_Data shown:_
-- Opening Marker --
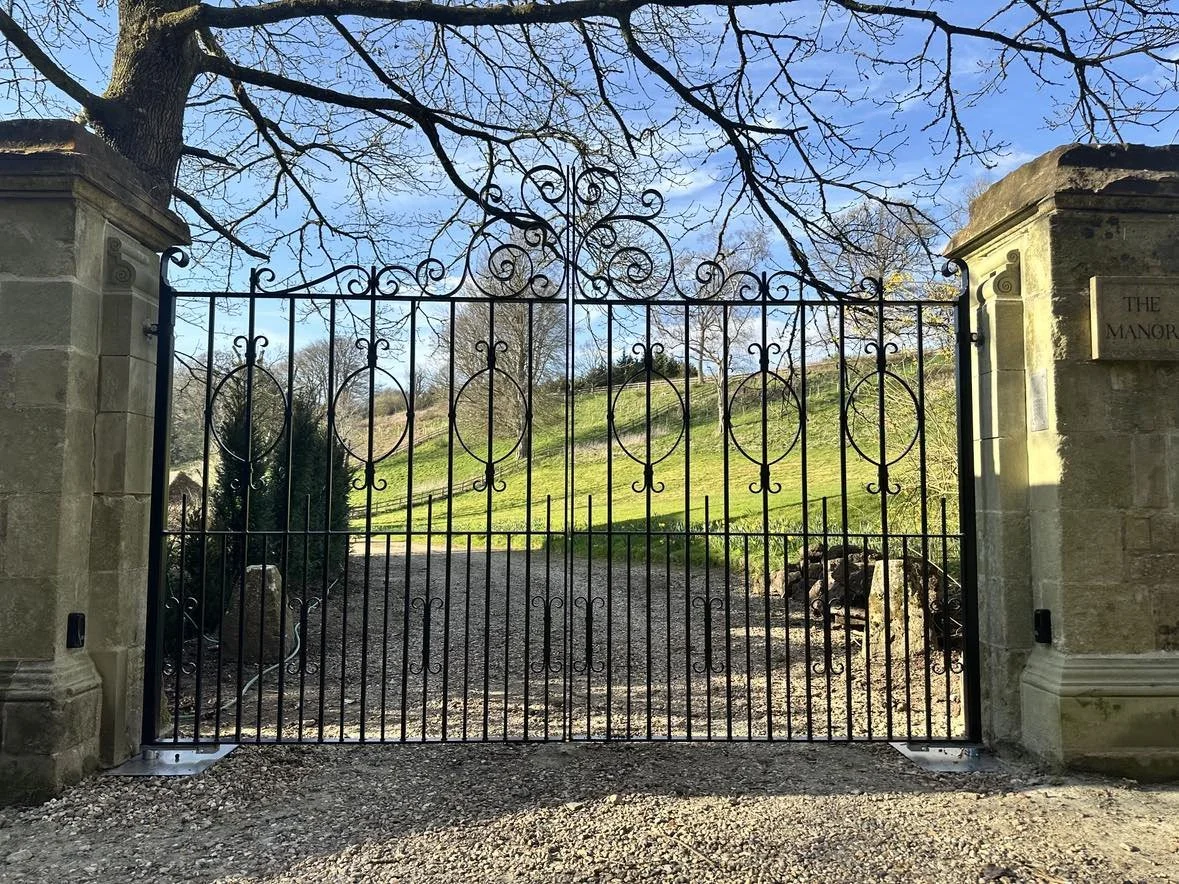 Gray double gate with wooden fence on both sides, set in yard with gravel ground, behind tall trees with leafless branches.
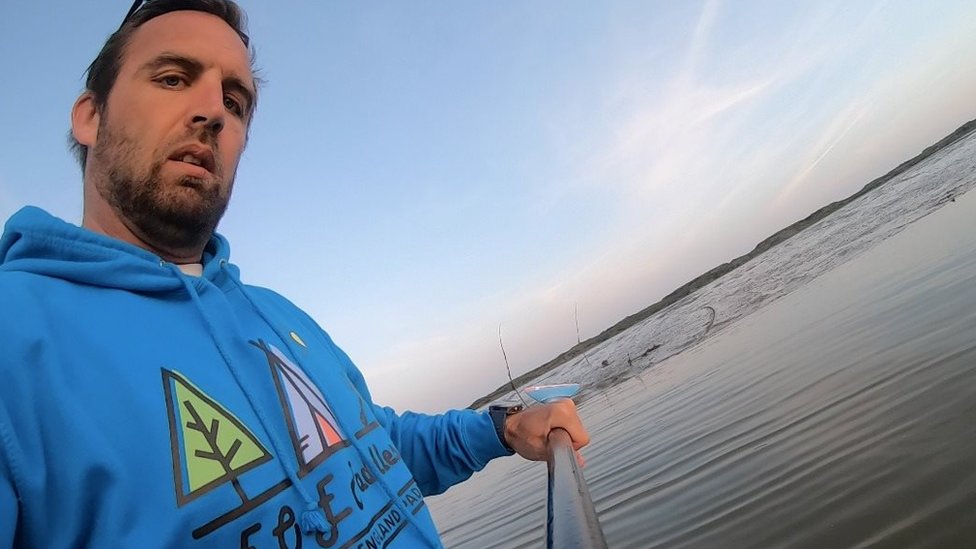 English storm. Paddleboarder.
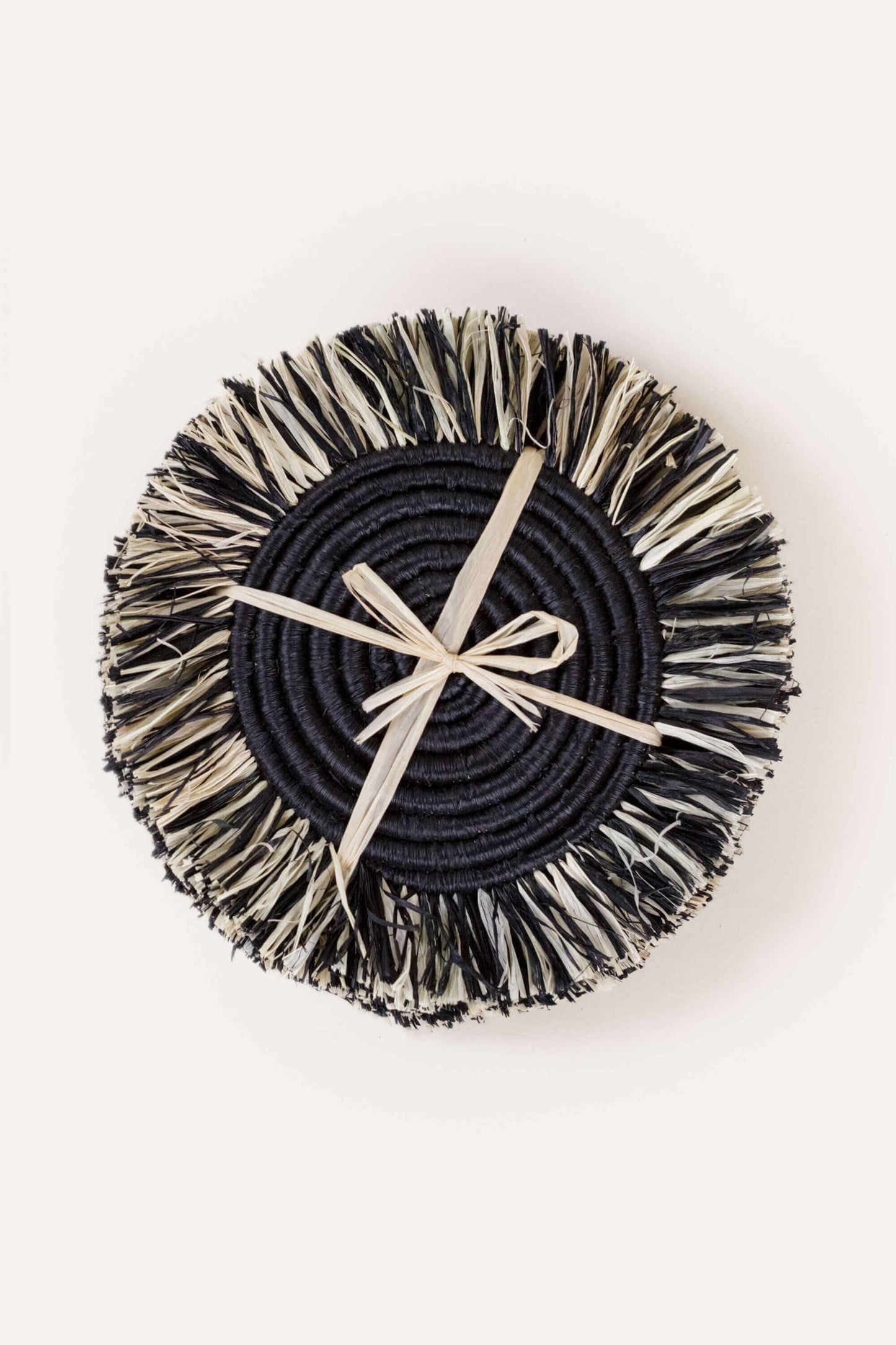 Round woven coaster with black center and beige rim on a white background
-- Closing Marker --
_Exercise requirements:_ Nothing but the pictures should be left out when the listing is repeated exactly.

_Written answer:_
 Gray double gate with wooden fence on both sides, set in yard with gravel ground, behind tall trees with leafless branches.
 English storm. Paddleboarder.
 Round woven coaster with black center and beige rim on a white background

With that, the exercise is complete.